++++ Stored data

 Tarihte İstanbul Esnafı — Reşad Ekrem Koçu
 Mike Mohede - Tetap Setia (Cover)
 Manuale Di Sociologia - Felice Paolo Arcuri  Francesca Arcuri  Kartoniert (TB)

++++++++

§ **Goal of the exercise**
All of the data must be returned exactly.

§ **Response to this exercise**
 Tarihte İstanbul Esnafı — Reşad Ekrem Koçu
 Mike Mohede - Tetap Setia (Cover)
 Manuale Di Sociologia - Felice Paolo Arcuri  Francesca Arcuri  Kartoniert (TB)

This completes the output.